■ **Exercise directions**
Could you restate word for word every line from the one containing "Sliding Gate Upper" to the end of the data below, pictures excluded?

BEGIN Task data

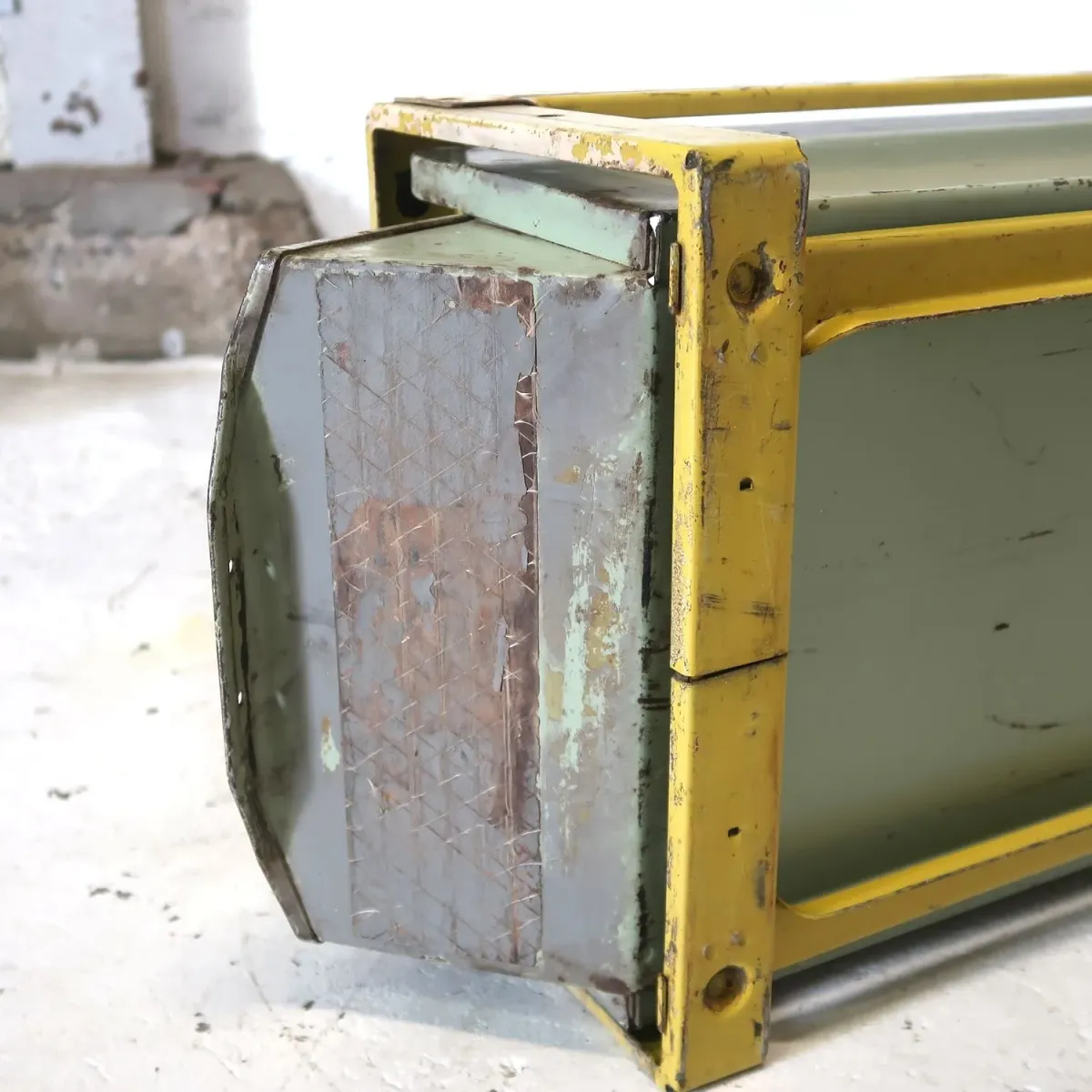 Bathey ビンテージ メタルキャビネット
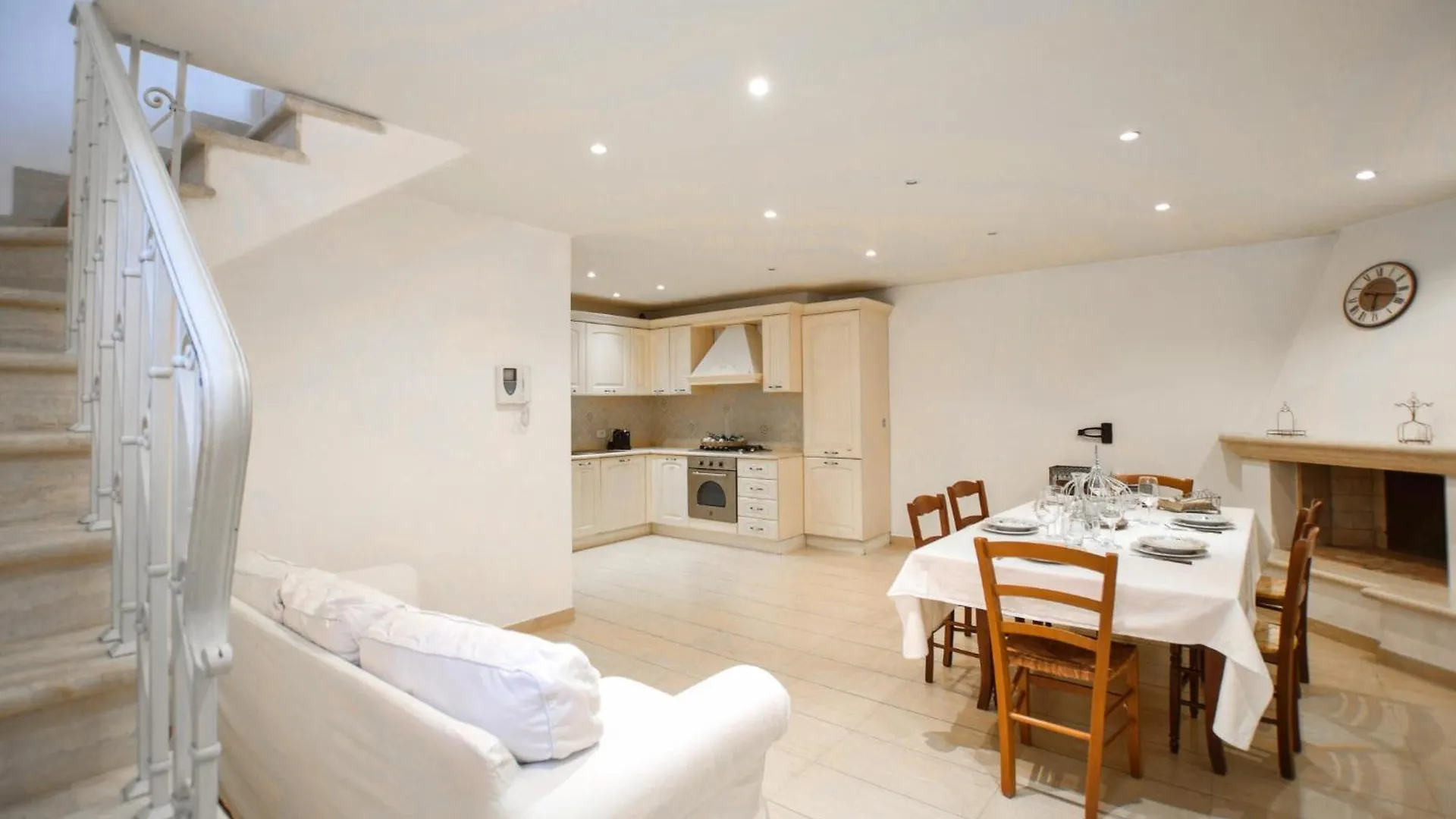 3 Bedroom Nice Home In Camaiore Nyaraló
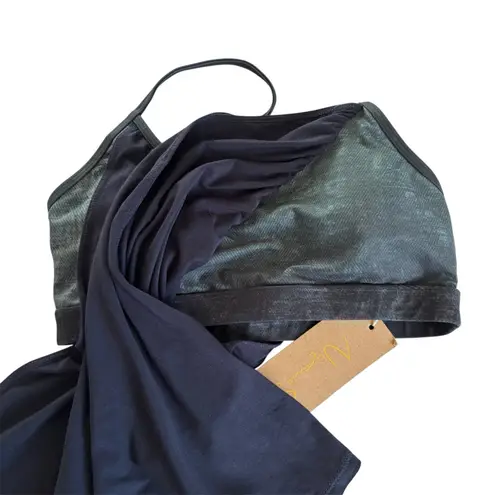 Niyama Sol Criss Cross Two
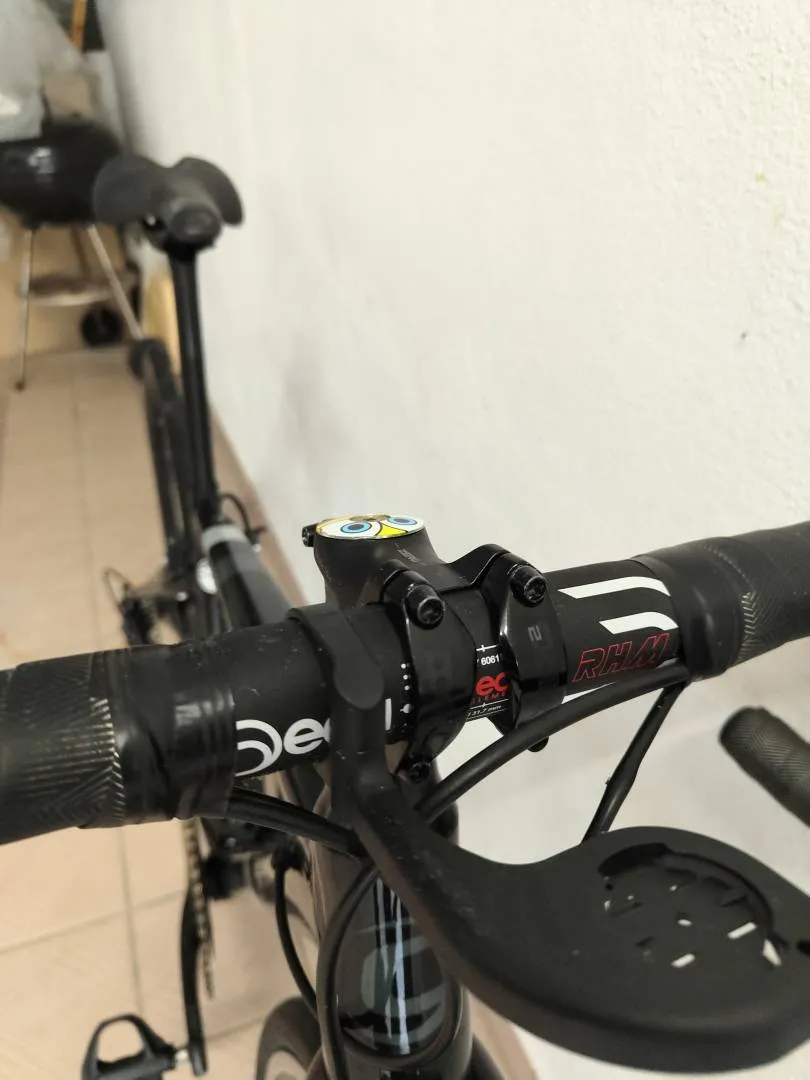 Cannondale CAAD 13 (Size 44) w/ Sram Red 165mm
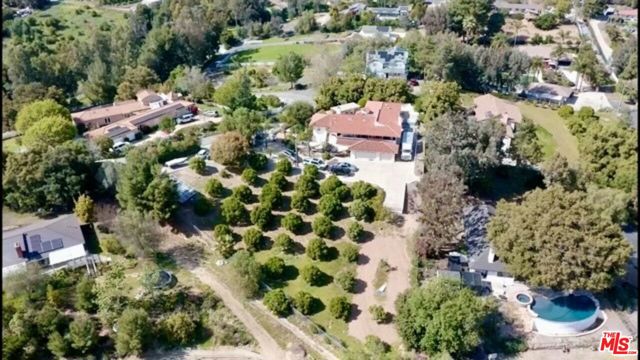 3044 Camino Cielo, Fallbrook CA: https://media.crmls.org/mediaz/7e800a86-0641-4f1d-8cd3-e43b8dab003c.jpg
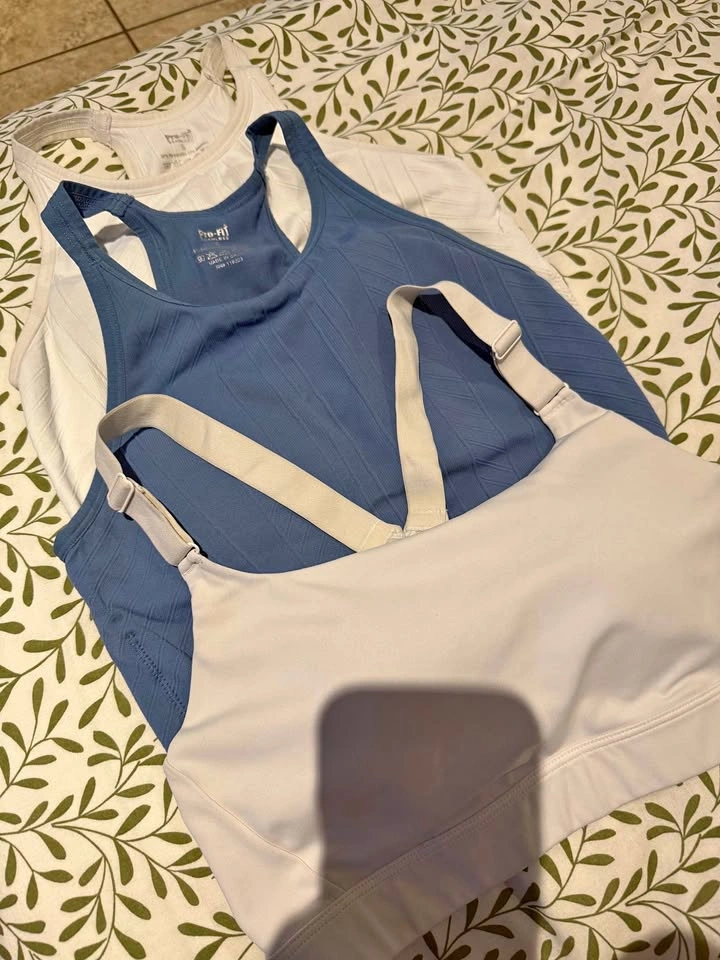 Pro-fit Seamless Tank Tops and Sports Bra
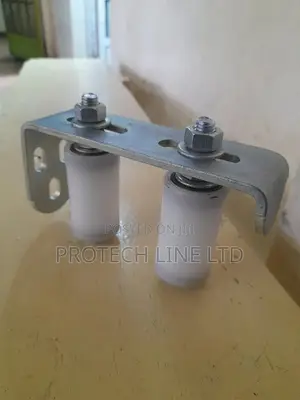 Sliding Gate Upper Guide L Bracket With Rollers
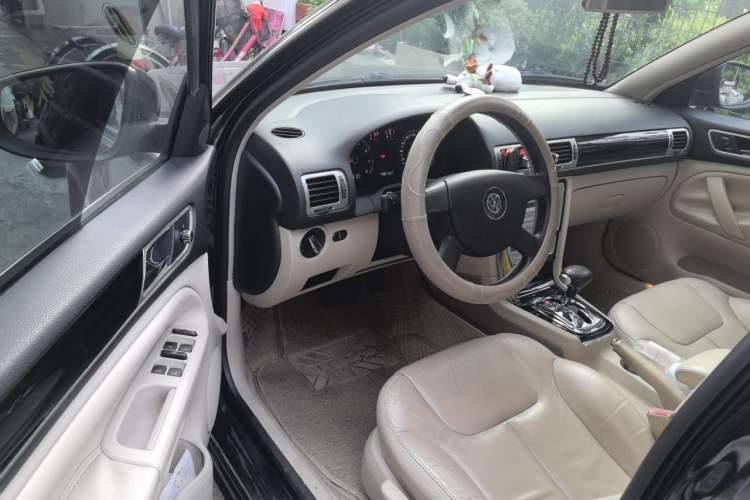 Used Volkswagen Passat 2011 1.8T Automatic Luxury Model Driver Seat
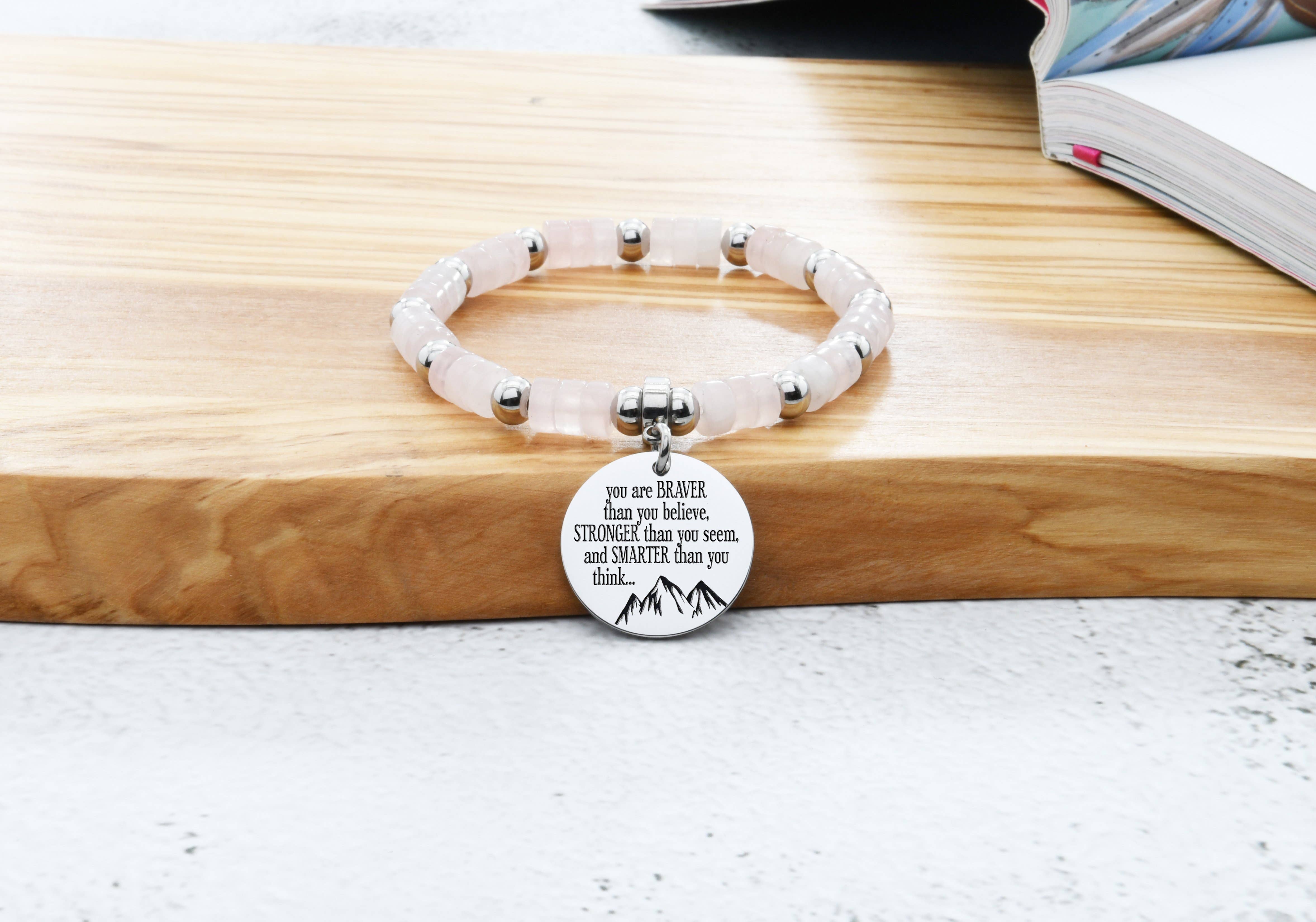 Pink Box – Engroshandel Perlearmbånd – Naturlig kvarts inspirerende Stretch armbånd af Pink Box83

END Task data

■ **Answer section**
 Sliding Gate Upper Guide L Bracket With Rollers
 Used Volkswagen Passat 2011 1.8T Automatic Luxury Model Driver Seat
 Pink Box – Engroshandel Perlearmbånd – Naturlig kvarts inspirerende Stretch armbånd af Pink Box83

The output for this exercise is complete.